> _WHAT THE EXERCISE ASKS_
Below are the entries. Print only the lines starting at the one with "I want to talk" and ending at the one with "The percent confluency", exactly, with no pictures.

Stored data
"""

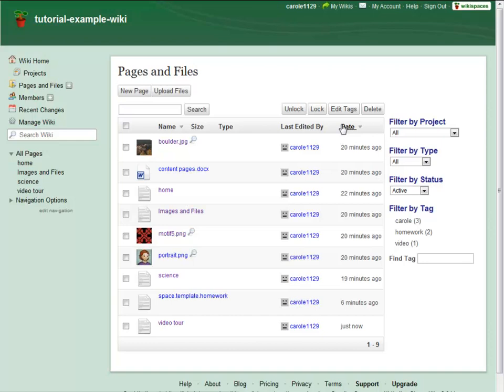But you can also take a closer look. You can see the size and type of a specific asset, rename pages or files, or review and edit the associated tags.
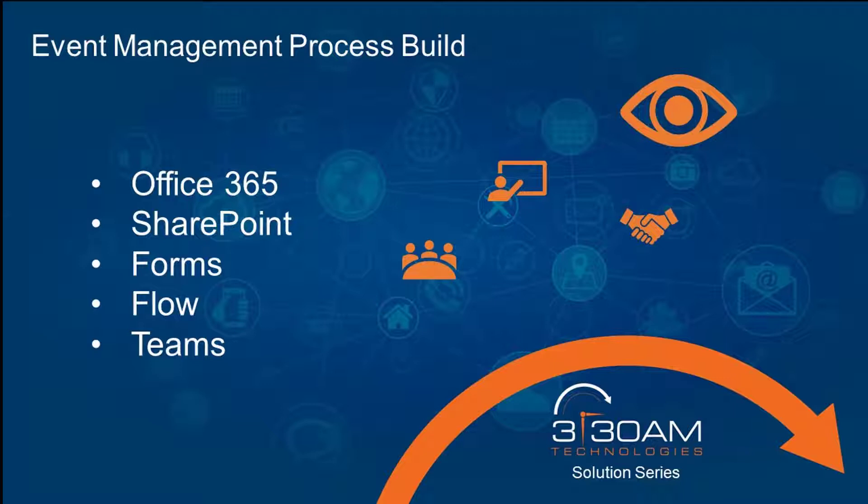I want to talk to you about developing an event management process using Office 365, Microsoft SharePoint, Microsoft Forms, Microsoft Flow, and Microsoft Teams.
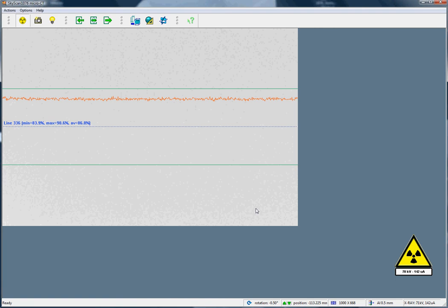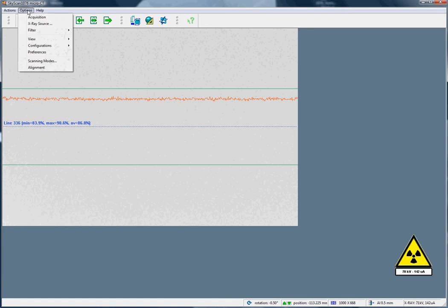And it's as simple as that. It's a very good idea at the beginning of each day's scanning to refresh the flat field correction in the 1076 scanner. This is very easy to do, as we've just seen.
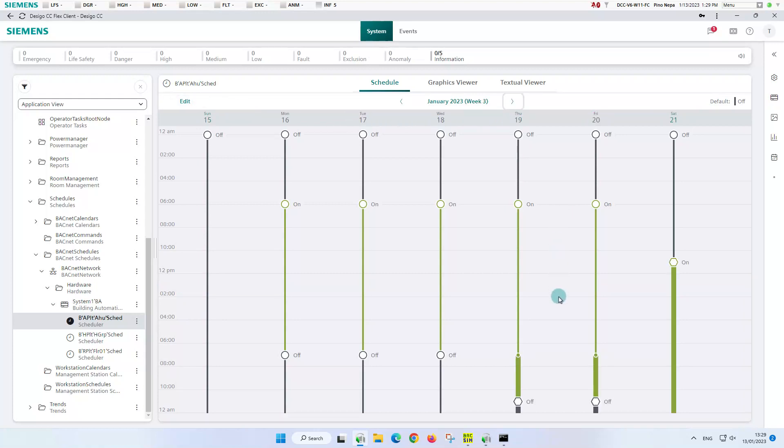In the weekly overview the exceptions are clearly marked with a thick bar, in our case green because it symbolizes the on period. As next we have a closer look to the BACnet calendar.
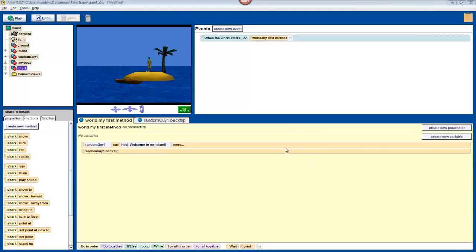Hello once again. In this video, we're going to create a more complex event that activates a shark attack when you press a button.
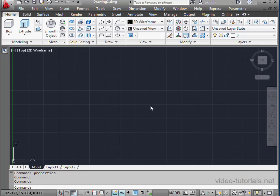Welcome back. In this tutorial, we're going to be learning about solid history. In AutoCAD, we've got the ability to record a solid's history. In other words, we can view the steps by which the solid was created.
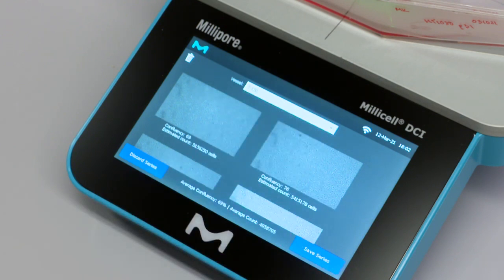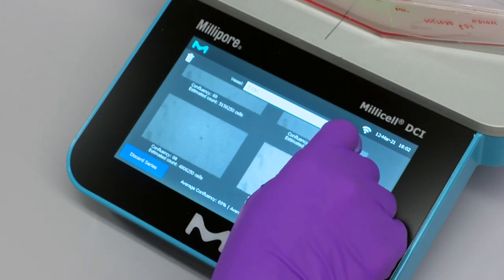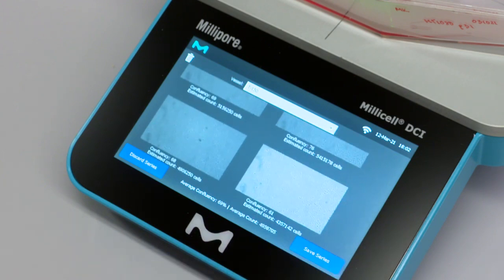The percent confluency and estimated cell count will be displayed beneath each image, as well as the average for each parameter at the bottom of the screen.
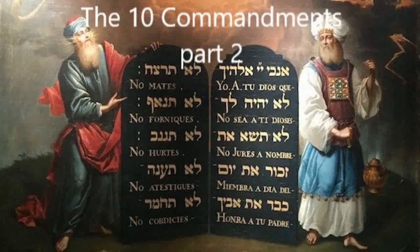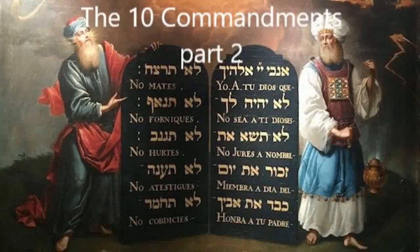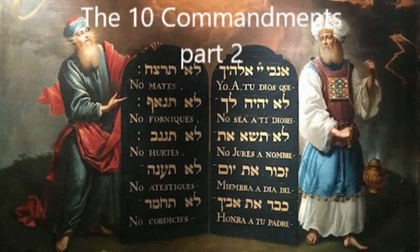And then he says something at the end of this passage that is absolutely astounding. Not until halfway through the feast did Jesus go up to the temple courts and began to teach. The Jews were amazed and asked, how did this man get such learning without having studied? Jesus answered, my teaching is not my own. It comes from him who sent me. If anyone chooses to do God's will, he will find out whether my teaching comes from God or whether I speak on my own. Has not Moses given you the law, yet not one of you keeps the law? Why are you trying to kill me?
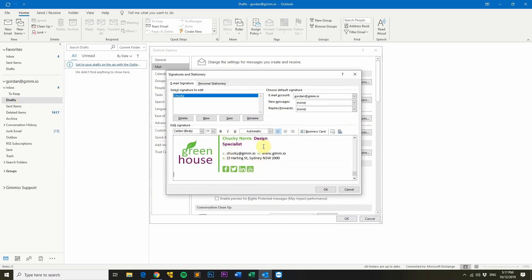You'll notice that your email signature formatting might not look correct in this preview window but that's OK, your signature will look perfectly fine when you compose a new message.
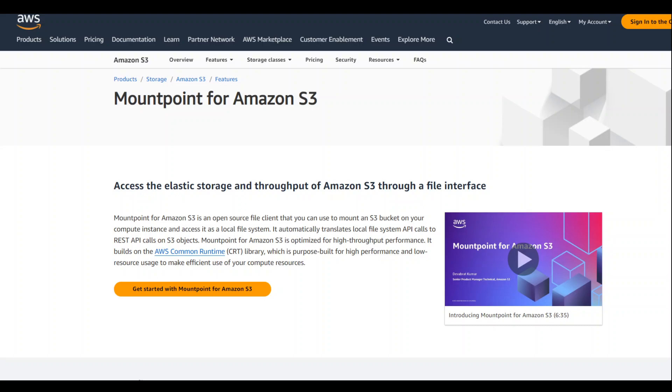You can use mount point for Amazon S3 to mount S3 buckets to your Linux instances. In this video, I'm going to show you how to install this mount point for Amazon S3 in your Linux instance and how you can use it.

"""

> _OUTPUT BELOW_
I want to talk to you about developing an event management process using Office 365, Microsoft SharePoint, Microsoft Forms, Microsoft Flow, and Microsoft Teams.
And it's as simple as that. It's a very good idea at the beginning of each day's scanning to refresh the flat field correction in the 1076 scanner. This is very easy to do, as we've just seen.
In the weekly overview the exceptions are clearly marked with a thick bar, in our case green because it symbolizes the on period. As next we have a closer look to the BACnet calendar.
Hello once again. In this video, we're going to create a more complex event that activates a shark attack when you press a button.
Welcome back. In this tutorial, we're going to be learning about solid history. In AutoCAD, we've got the ability to record a solid's history. In other words, we can view the steps by which the solid was created.
The percent confluency and estimated cell count will be displayed beneath each image, as well as the average for each parameter at the bottom of the screen.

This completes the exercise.